Directions for this task
What is needed is an exact copy of the entries, with the pictures excluded.

Dataset entries

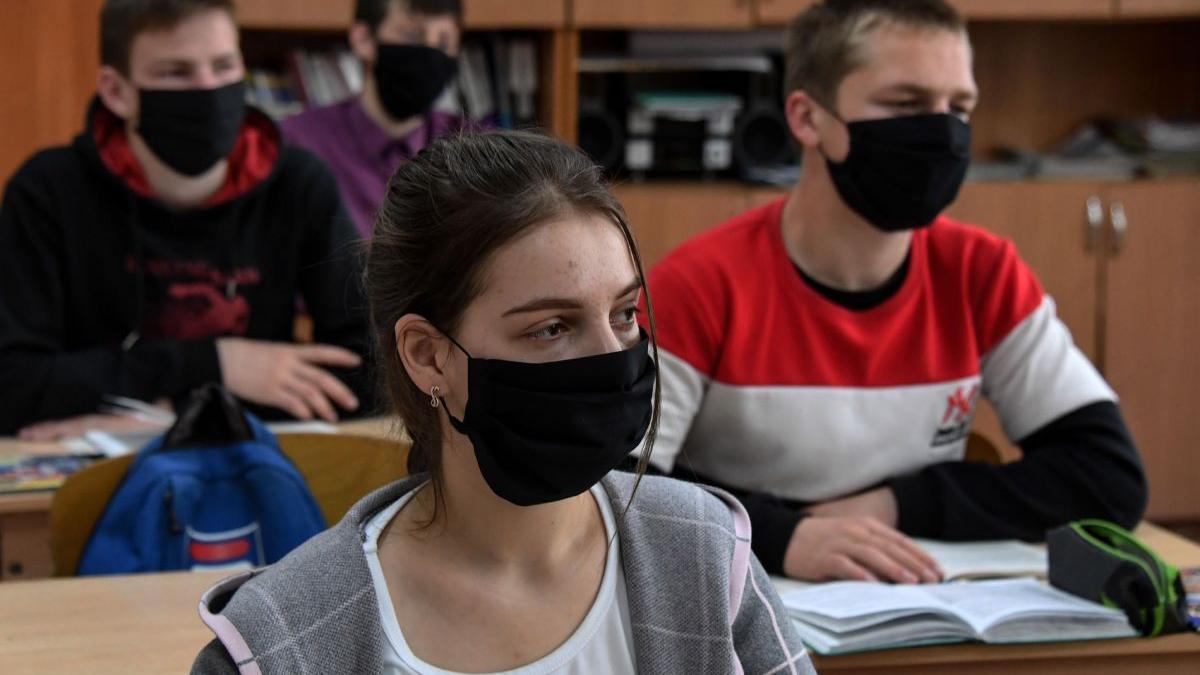 elevii din anii terminali care sufera de afectiuni cronice sau locuiesc cu persoane de peste 65 de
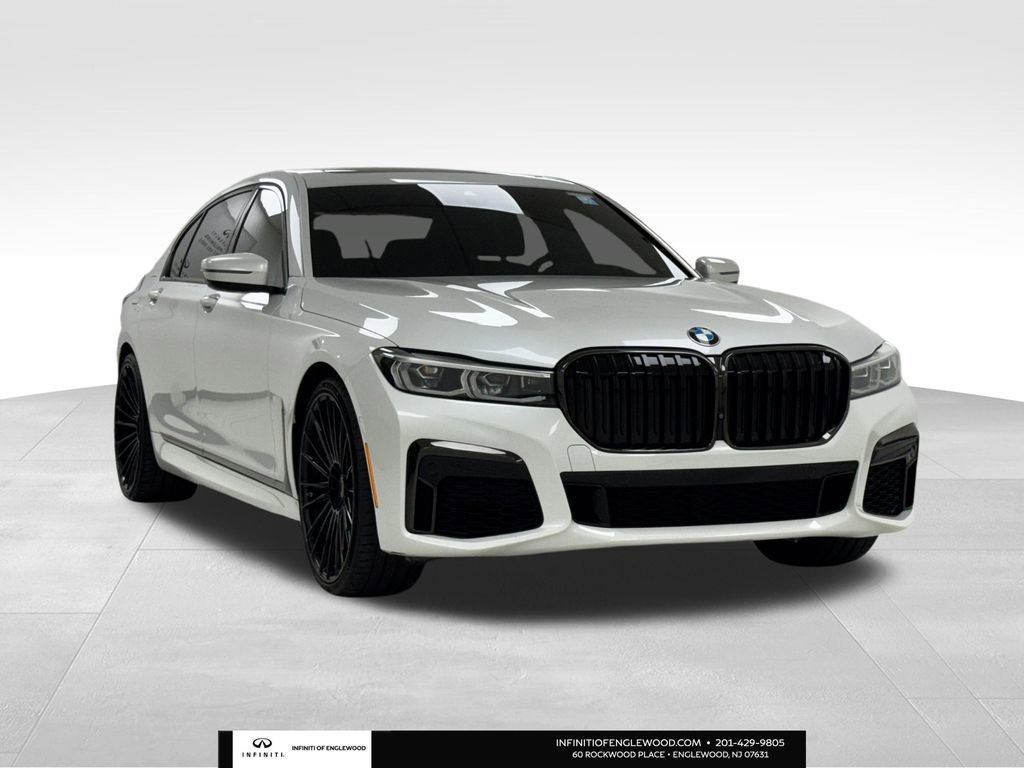 Used 2022 BMW 750i xDrive w/ Autobahn Package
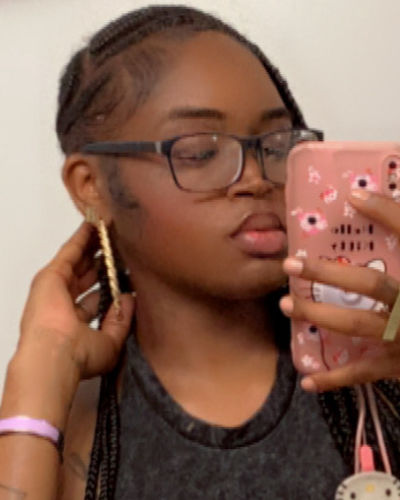 Renee2700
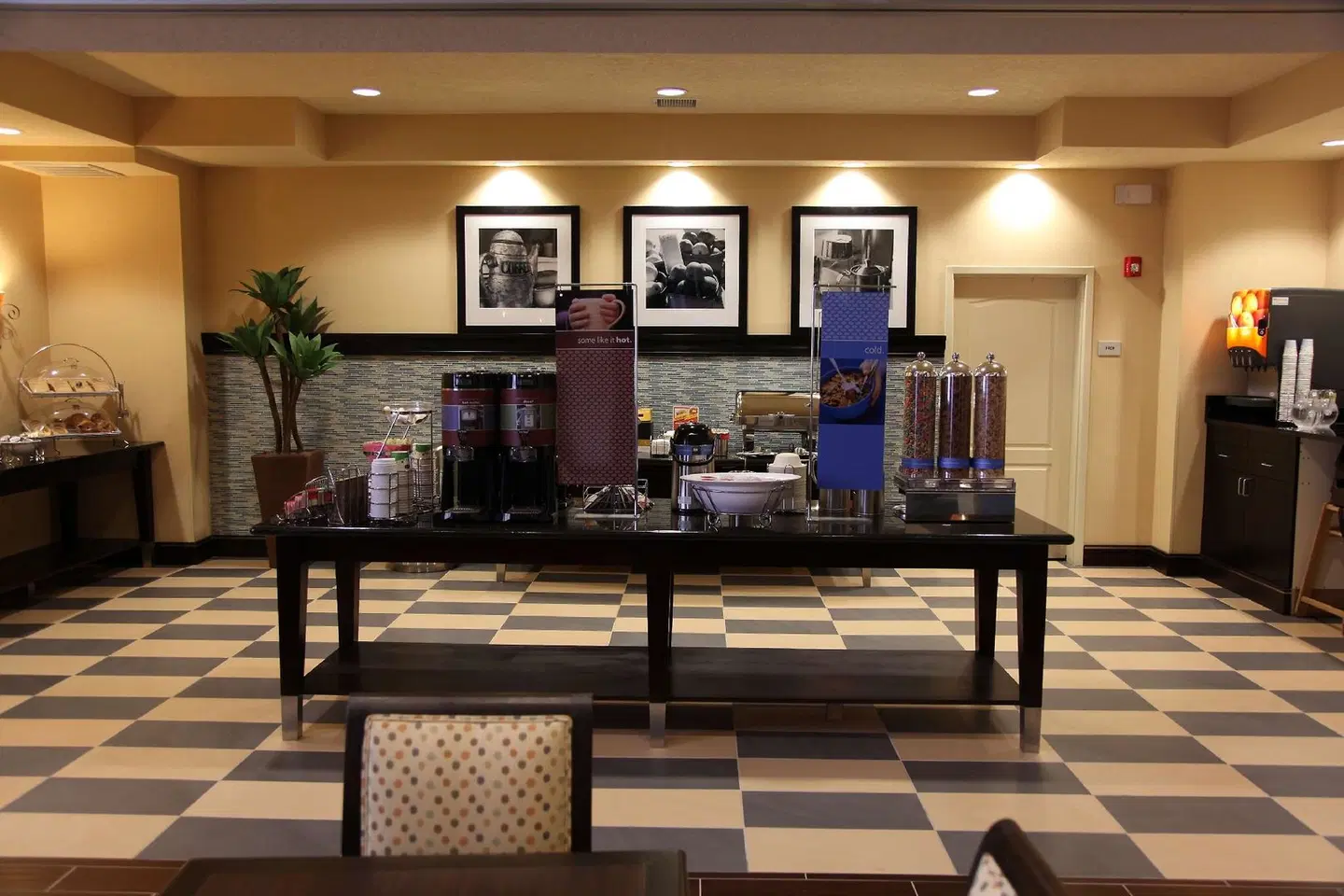Hampton Inn & Suites Carlsbad Bar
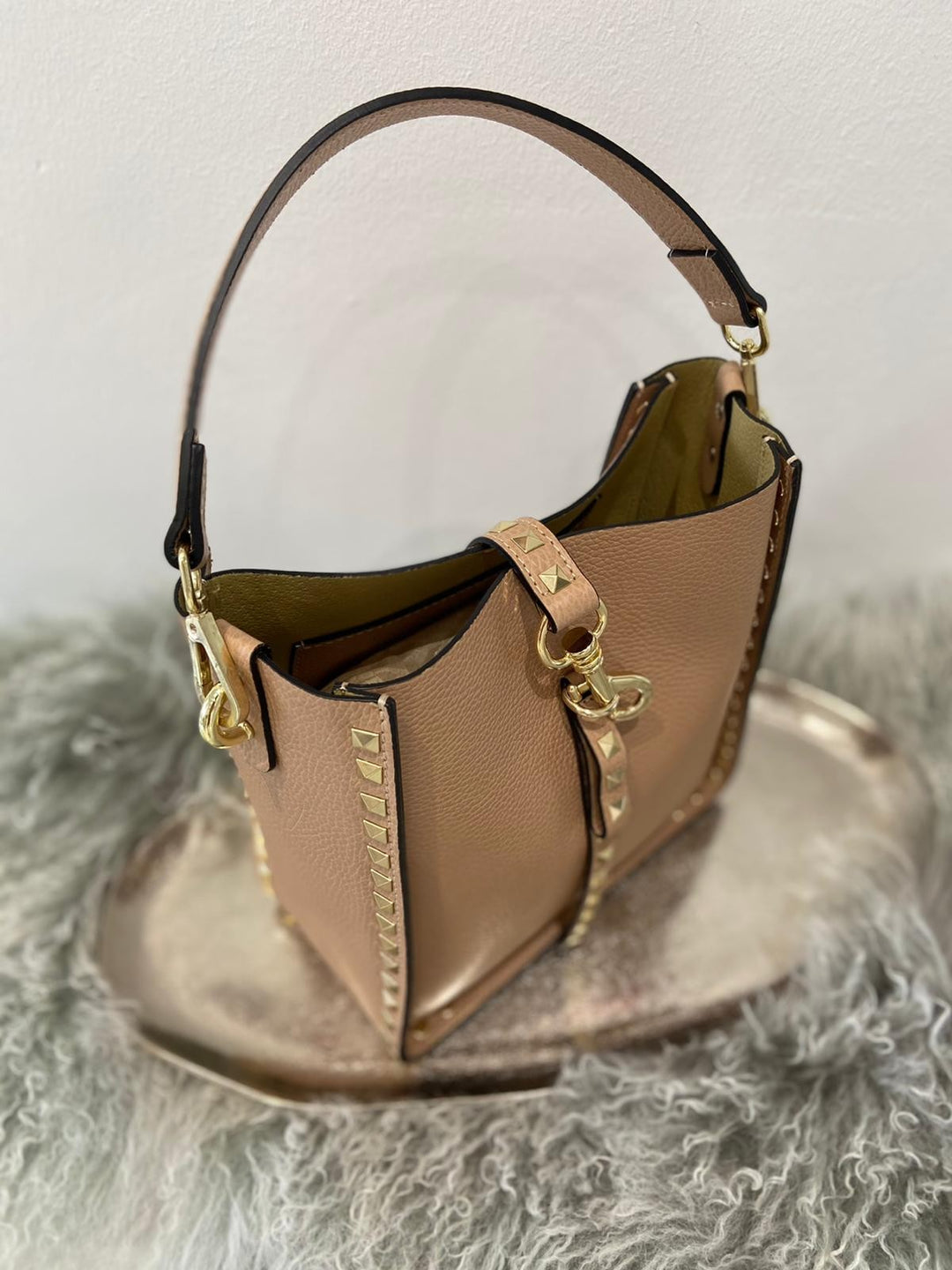 Tasche mit Nieten aus Leder - Beige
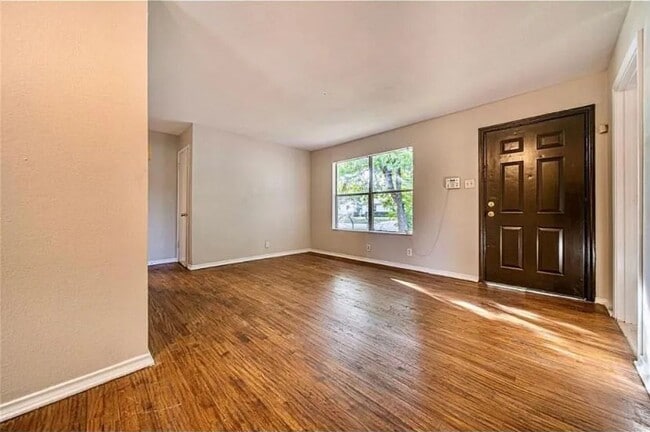 Foto del edificio - Remodeled 3/1 LANDSCAPING INCLUDED!
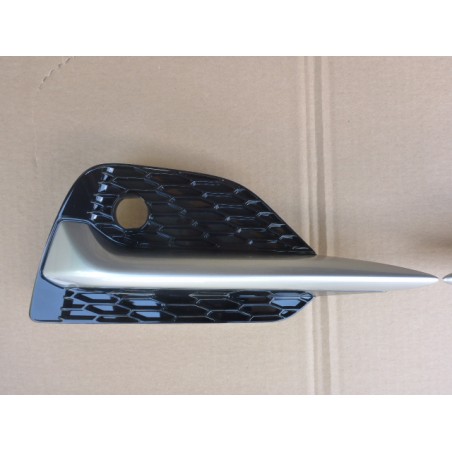 ZAŚLEPKA KRATKA HALOGEU QASHQAI II J11 LIFT 17-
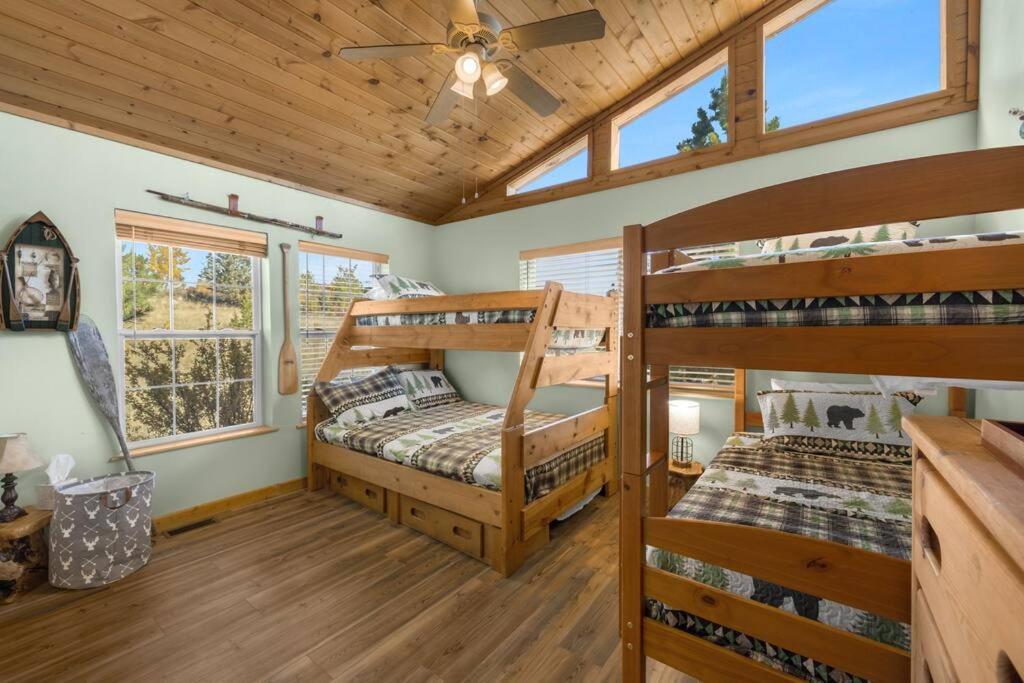 Lookout - Private Hot Tub - Panoramic Views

Response area
 elevii din anii terminali care sufera de afectiuni cronice sau locuiesc cu persoane de peste 65 de
 Used 2022 BMW 750i xDrive w/ Autobahn Package
 Renee2700
Hampton Inn & Suites Carlsbad Bar
 Tasche mit Nieten aus Leder - Beige
 Foto del edificio - Remodeled 3/1 LANDSCAPING INCLUDED!
 ZAŚLEPKA KRATKA HALOGEU QASHQAI II J11 LIFT 17-
 Lookout - Private Hot Tub - Panoramic Views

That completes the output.